#8351 closed enhancement (fixed)
Poorly optimized queries in wp_get_calendar()
Reported by: |
|
Owned by: | |
---|---|---|---|
Milestone: | 3.1 | Priority: | normal |
Severity: | normal | Version: | |
Component: | Optimization | Keywords: | has-patch commit |
Focuses: | Cc: |
Description
Performance of the queries in is too bad wp_get_archives() and wp_get_calendar() if you have a lot of records in wp_posts table (so bad that hosting company suspends the account).
1. wp_get_archives():
EXPLAIN SELECT DISTINCT YEAR(post_date) AS `year`, MONTH(post_date) AS `month`, count(ID) as posts FROM wp_posts WHERE post_type = 'post' AND post_status = 'publish' GROUP BY YEAR(post_date), MONTH(post_date) ORDER BY post_date DESC +----+-------------+----------+------+------------------+------------------+---------+-------------+------+-----------------------------------------------------------+ | id | select_type | table | type | possible_keys | key | key_len | ref | rows | Extra | +----+-------------+----------+------+------------------+------------------+---------+-------------+------+-----------------------------------------------------------+ | 1 | SIMPLE | wp_posts | ref | type_status_date | type_status_date | 124 | const,const | 3594 | Using where; Using index; Using temporary; Using filesort | +----+-------------+----------+------+------------------+------------------+---------+-------------+------+-----------------------------------------------------------+
Nothing you can do with this query, as grouping by expression cannot use indices by definition. The only thing is to remove DISTINCT from the query, as grouping by year and month guarantees that every (year, month) pair in the result set will be unique.
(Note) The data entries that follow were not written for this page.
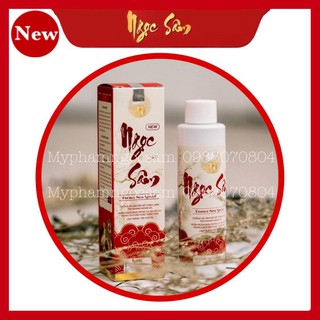 NGỌC SÂM 150ML - Mỹ Phẩm Ngọc Sâm Chính Hãng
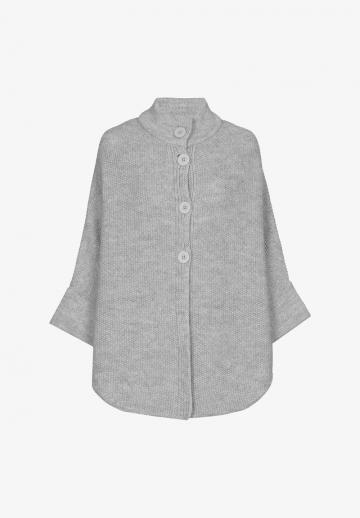 Длинный кардиган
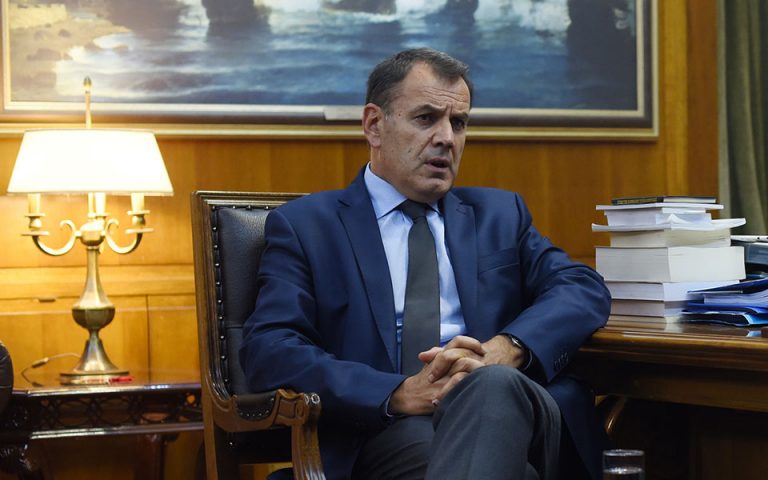 Νίκος Παναγιωτόπουλος στην «Κ»: Επίκειται συμφωνία για τις βάσεις με ΗΠΑ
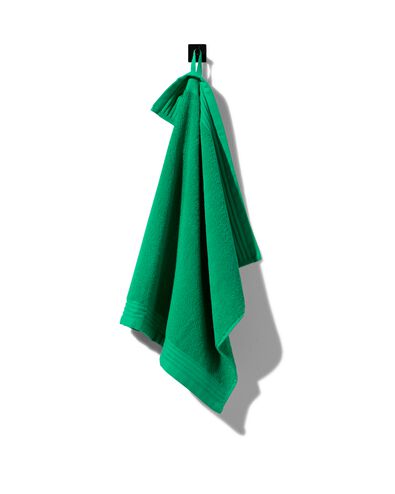 keukendoek 50x50 katoen groen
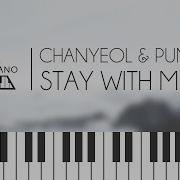 Goblin Ost 찬열 Chanyeol 펀치 Punch Stay With Me Piano Cover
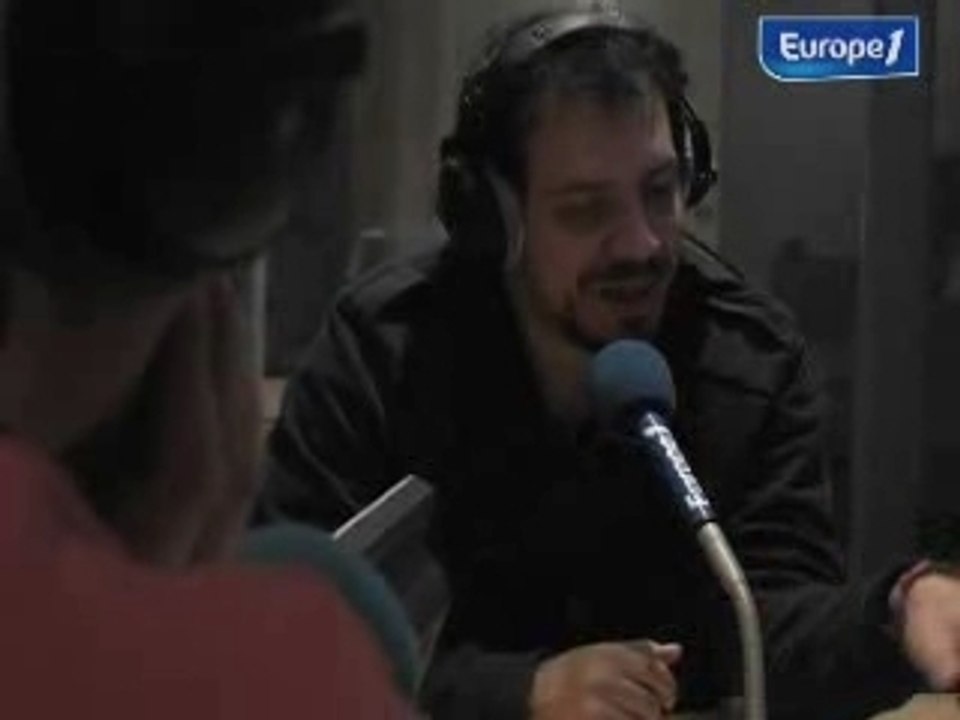 Alexandre Astier invité de Nouvelles Technologies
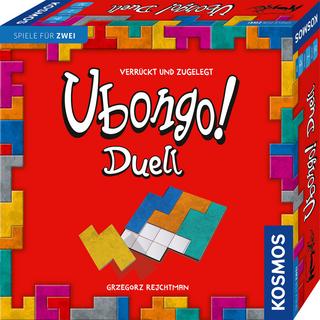 Kosmos  Spiele Ubongo Duell 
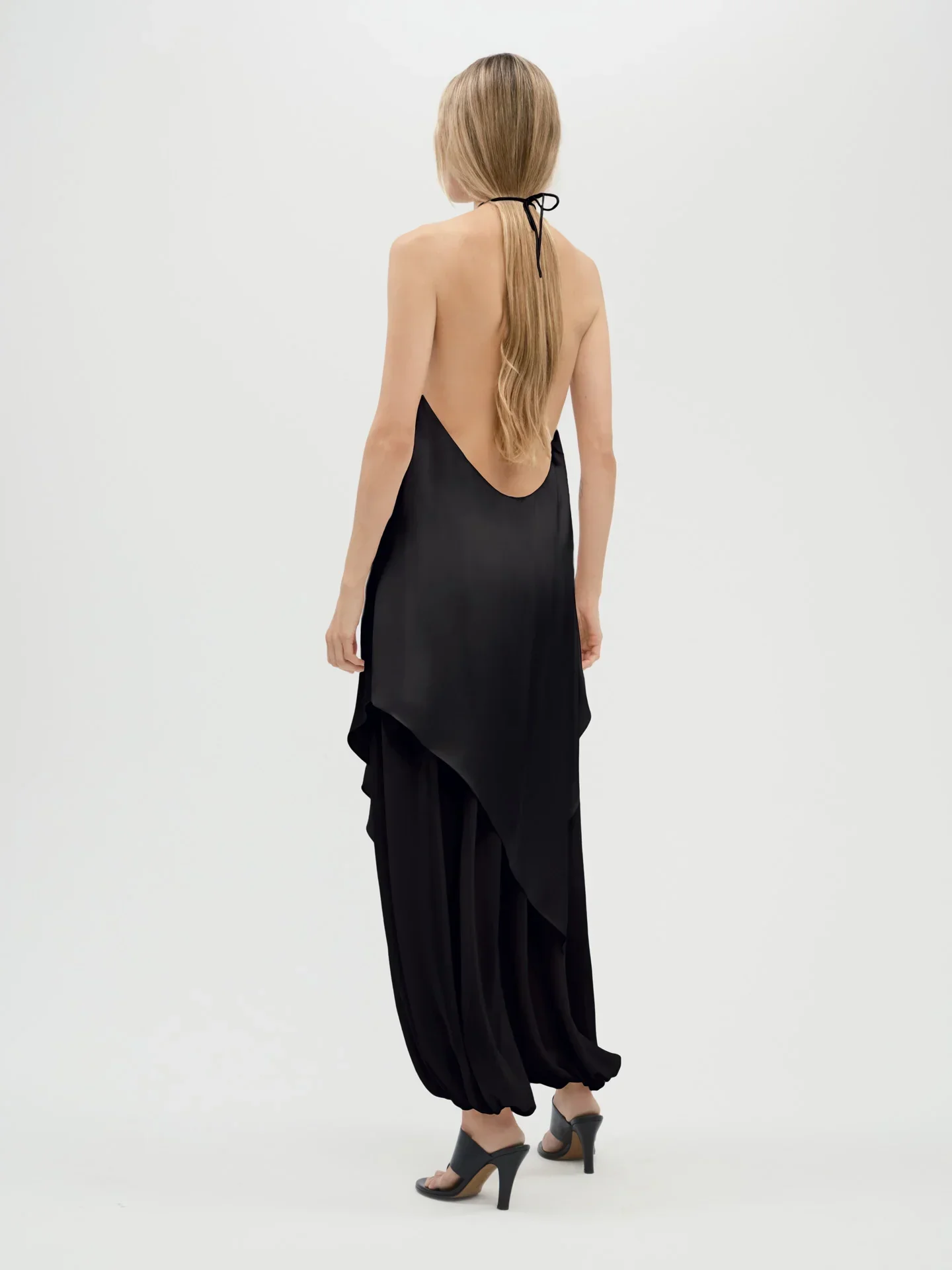 Aflalo - Sibem Dress in Silk - Image 7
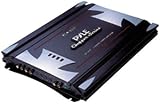 Pyle PLA4200 2000W 4-Channel and 4-Channel Chopper Amplifiers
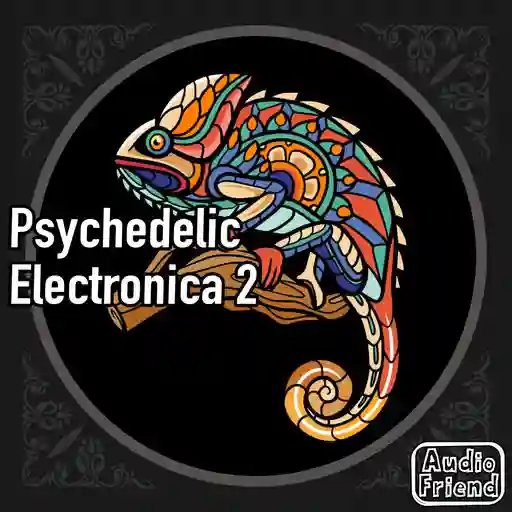 Psychedelic Electronica 2 WAV-FANTASTiC-MaGeSY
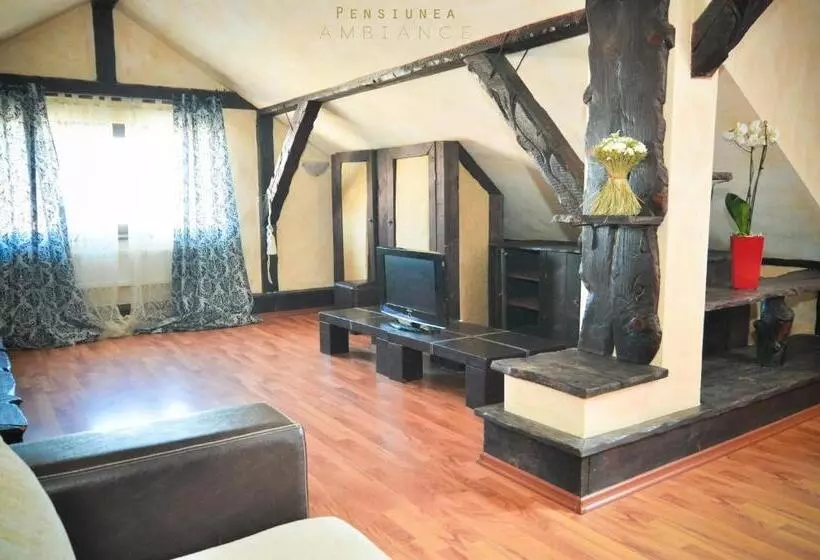 Pension Ambiance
Same for yearly and daily archives.
2. wp_get_calendar():
Although we can do almost nothing to wp_get_archives() (due to DB design deficiencies), we can significantly boost wp_get_calendar().
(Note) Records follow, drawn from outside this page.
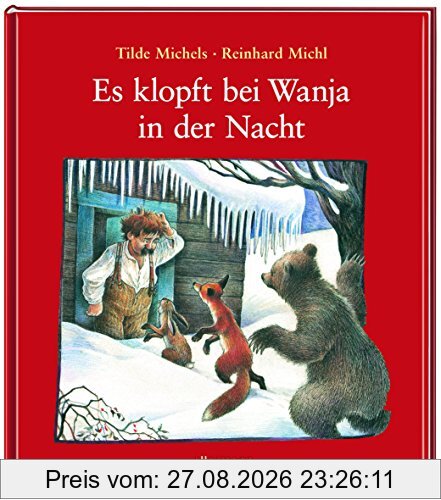 Es klopft bei Wanja in der Nacht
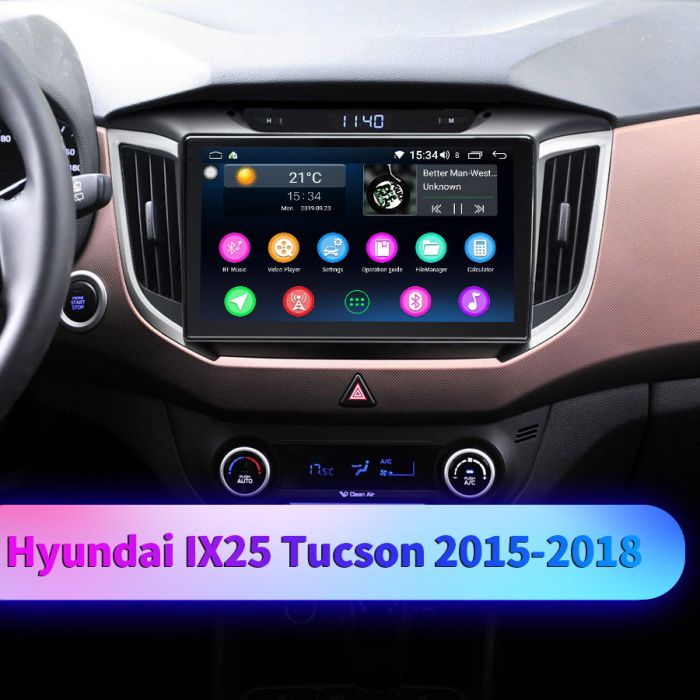 Hyundai Radio Upgrade - Perfect Hyundai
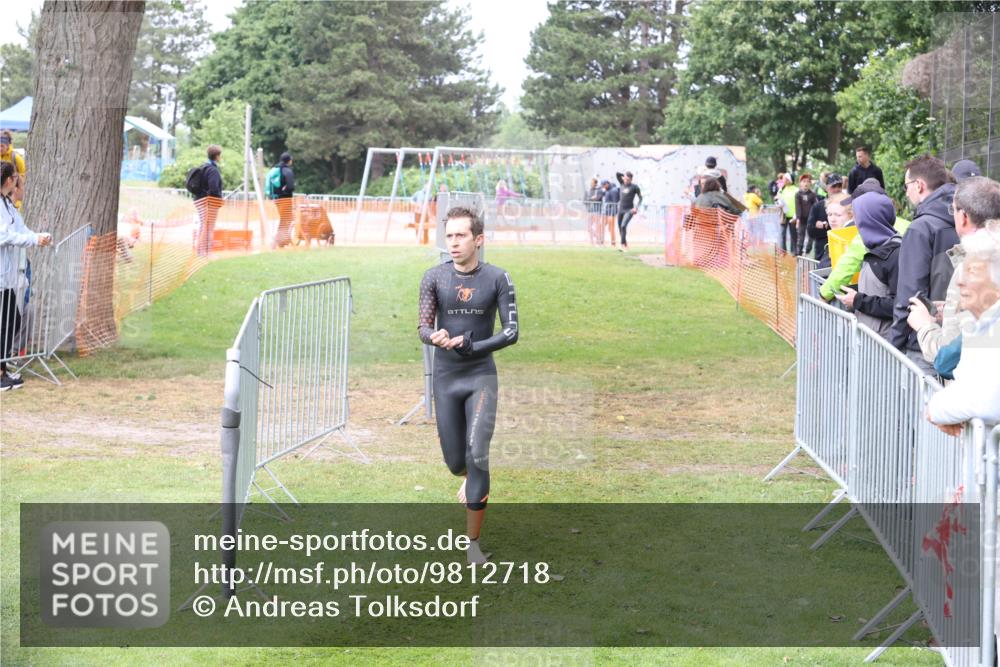 14.06.2026 - 7 Türme Triathlon Andreas Tolksdorf http://msf.ph/oto/9812718 14.06.2026 11:44:20 Schwimmen  meine-sportfotos.de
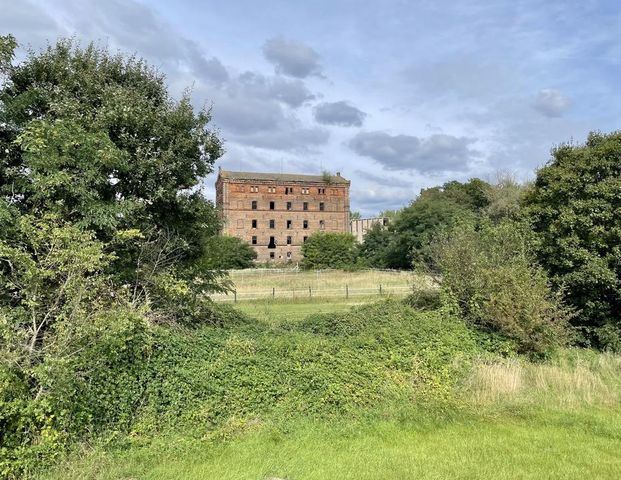 Wohnen in der Wesnitzer Mühle "Bauvorhaben!" - Foto 1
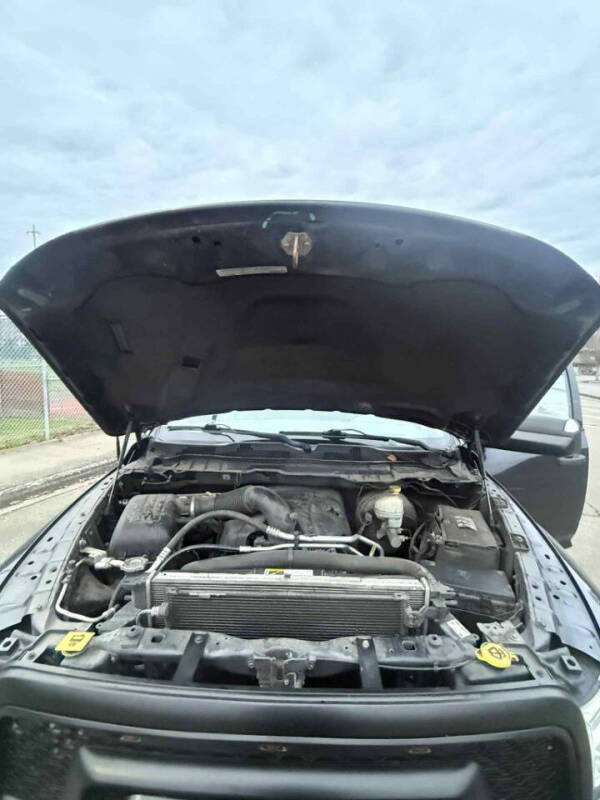 2014 RAM 1500 Express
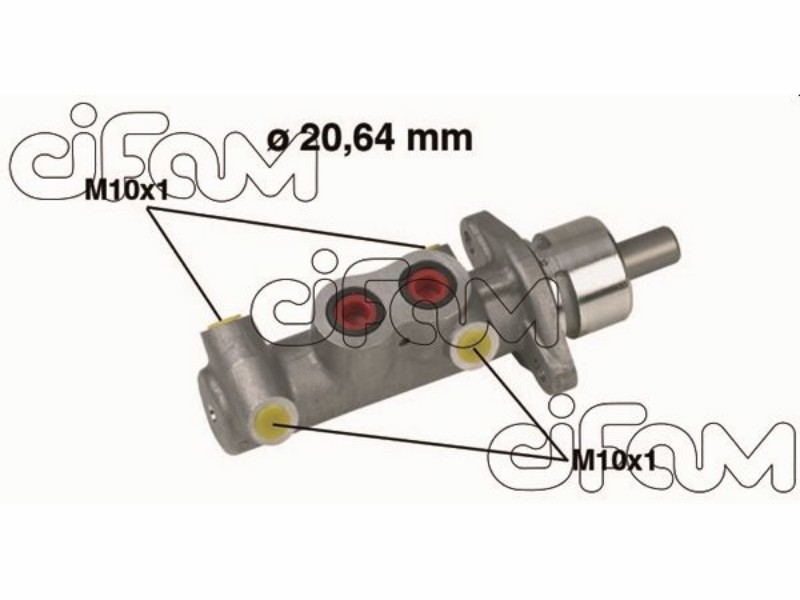 Cifam pompa freno Fiat Punto -03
First, wp_get_calendar() checks if we have any posts at all:
SELECT ID from wp_posts WHERE post_type = 'post' AND post_status = 'publish' ORDER BY post_date DESC LIMIT 1
Since we only need to check the existence of the record, we don't have any reason to use ORDER BY (although it does nothing harmful as MySQL is able to use index).
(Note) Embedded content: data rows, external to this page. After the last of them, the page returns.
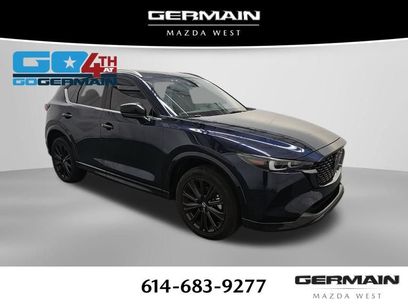 Used 2023 MAZDA CX-5 AWD 2.5 Turbo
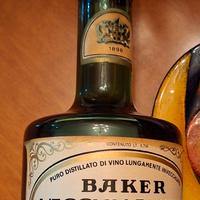 BAKER VECCHIARISERVA BRANDY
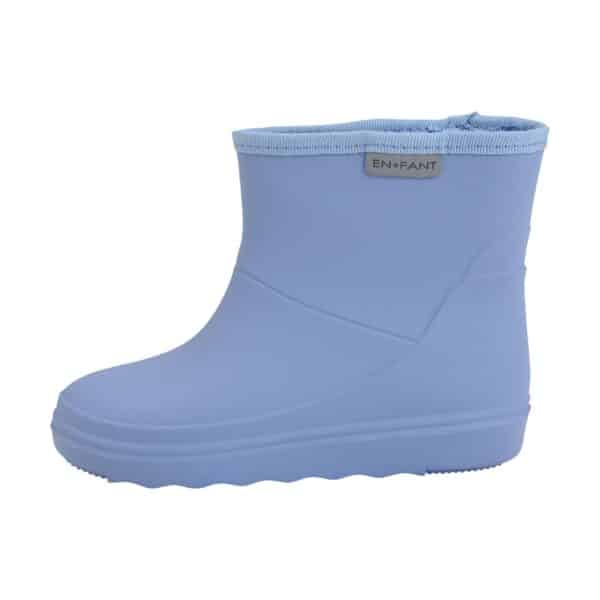 En Fant Enfant Regenlaars Short Solid Infinity 5713438295751 Enfant SS25 Kleding & Accessoires Schoenen Regenlaarsjes Wijs west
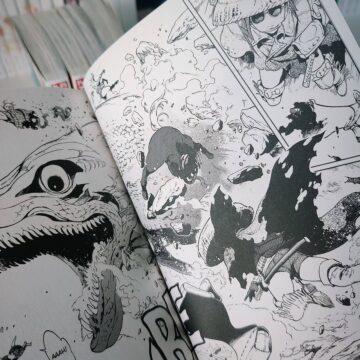 [Review] Manga ~ Renjoh Desperado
If the query succeeded, WP starts searching for the posts in past months:
SELECT DISTINCT MONTH(post_date) AS month, YEAR(post_date) AS year FROM wp_posts WHERE post_date < '2008-11-01' AND post_type = 'post' AND post_status = 'publish' ORDER BY post_date DESC LIMIT 1
What is wrong: since we need only ONE record (see LIMIT 1), it will be unique in the result set anyway, DISTINCT is not needed. Here's the EXPLAIN of the query:
+----+-------------+----------+-------+----------------------------+------------------+---------+------+------+-------------------------------------------+ | id | select_type | table | type | possible_keys | key | key_len | ref | rows | Extra | +----+-------------+----------+-------+----------------------------+------------------+---------+------+------+-------------------------------------------+ | 1 | SIMPLE | wp_posts | range | type_status_date,post_type | type_status_date | 132 | NULL | 3238 | Using where; Using index; Using temporary | +----+-------------+----------+-------+----------------------------+------------------+---------+------+------+-------------------------------------------+
As you can see, MySQL needs a temporary table (it doesn't matter that it will have only one row, it will be created). If we remove DISTINCT, we can get rid of the temporary table:
EXPLAIN SELECT MONTH(post_date) AS month, YEAR(post_date) AS year FROM wp_posts WHERE post_date < '2008-11-01' AND post_type = 'post' AND post_status = 'publish' ORDER BY post_date DESC LIMIT 1 +----+-------------+----------+-------+----------------------------+------------------+---------+------+------+--------------------------+ | id | select_type | table | type | possible_keys | key | key_len | ref | rows | Extra | +----+-------------+----------+-------+----------------------------+------------------+---------+------+------+--------------------------+ | 1 | SIMPLE | wp_posts | range | type_status_date,post_type | type_status_date | 132 | NULL | 3238 | Using where; Using index | +----+-------------+----------+-------+----------------------------+------------------+---------+------+------+--------------------------+
Then WP looks for the posts written in the next months:
SELECT DISTINCT MONTH(post_date) AS month, YEAR(post_date) AS year FROM wp_posts WHERE post_date > '2008-11-01' AND MONTH( post_date ) != MONTH( '2008-11-01' ) AND post_type = 'post' AND post_status = 'publish' ORDER BY post_date ASC LIMIT 1 +----+-------------+----------+-------+----------------------------+------------------+---------+------+------+-------------------------------------------+ | id | select_type | table | type | possible_keys | key | key_len | ref | rows | Extra | +----+-------------+----------+-------+----------------------------+------------------+---------+------+------+-------------------------------------------+ | 1 | SIMPLE | wp_posts | range | type_status_date,post_type | type_status_date | 132 | NULL | 356 | Using where; Using index; Using temporary | +----+-------------+----------+-------+----------------------------+------------------+---------+------+------+-------------------------------------------+
Same as above: DISTINCT is not needed. But we still can rewrite the query in a better way:
EXPLAIN SELECT MONTH(post_date) AS month, YEAR(post_date) AS year FROM wp_posts WHERE post_date > '2008-11-31 23:59:59' AND post_type = 'post' AND post_status = 'publish' ORDER BY post_date ASC LIMIT 1;+----+-------------+----------+-------+----------------------------+------------------+---------+------+------+--------------------------+ | id | select_type | table | type | possible_keys | key | key_len | ref | rows | Extra | +----+-------------+----------+-------+----------------------------+------------------+---------+------+------+--------------------------+ | 1 | SIMPLE | wp_posts | range | type_status_date,post_type | type_status_date | 132 | NULL | 1 | Using where; Using index | +----+-------------+----------+-------+----------------------------+------------------+---------+------+------+--------------------------+
We got rid of Using temporary AND we were able to make MySQL scan much less rows!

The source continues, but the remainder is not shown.